Data section
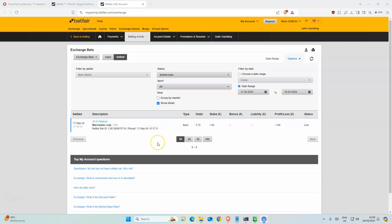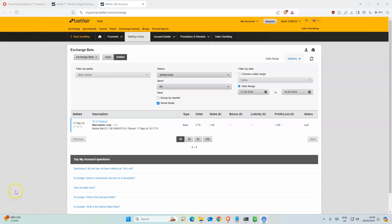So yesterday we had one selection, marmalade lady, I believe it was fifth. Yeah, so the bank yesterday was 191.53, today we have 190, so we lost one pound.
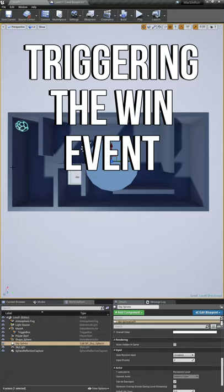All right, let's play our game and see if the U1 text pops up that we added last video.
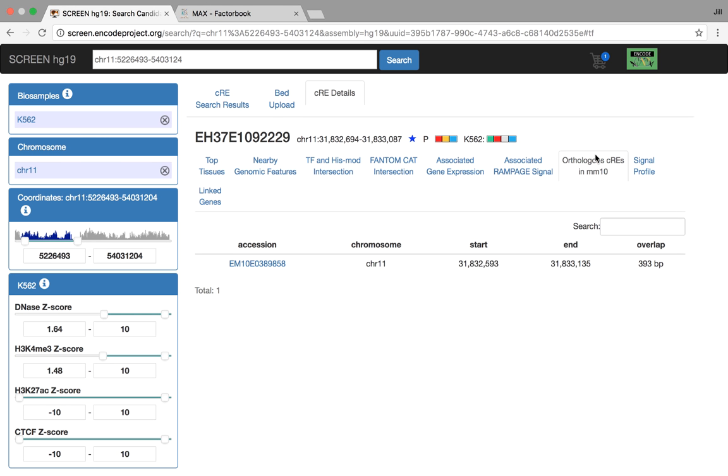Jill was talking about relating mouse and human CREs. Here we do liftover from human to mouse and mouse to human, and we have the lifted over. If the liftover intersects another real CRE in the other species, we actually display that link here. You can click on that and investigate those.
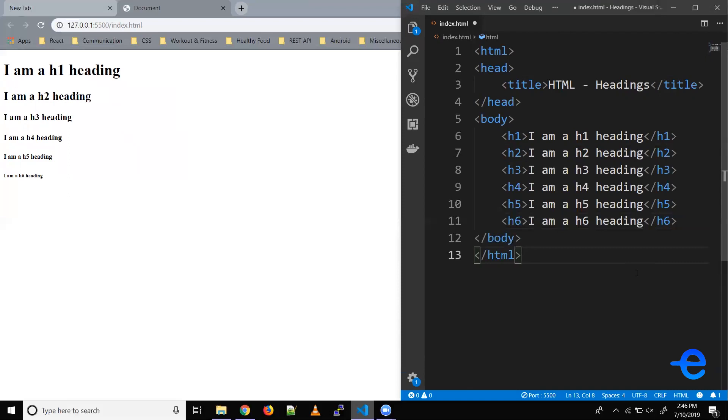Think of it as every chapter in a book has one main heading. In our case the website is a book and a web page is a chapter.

Task requirements
When you copy the data, keep every line exact and drop the pictures.

Solution to this problem
So yesterday we had one selection, marmalade lady, I believe it was fifth. Yeah, so the bank yesterday was 191.53, today we have 190, so we lost one pound.
All right, let's play our game and see if the U1 text pops up that we added last video.
Jill was talking about relating mouse and human CREs. Here we do liftover from human to mouse and mouse to human, and we have the lifted over. If the liftover intersects another real CRE in the other species, we actually display that link here. You can click on that and investigate those.
Think of it as every chapter in a book has one main heading. In our case the website is a book and a web page is a chapter.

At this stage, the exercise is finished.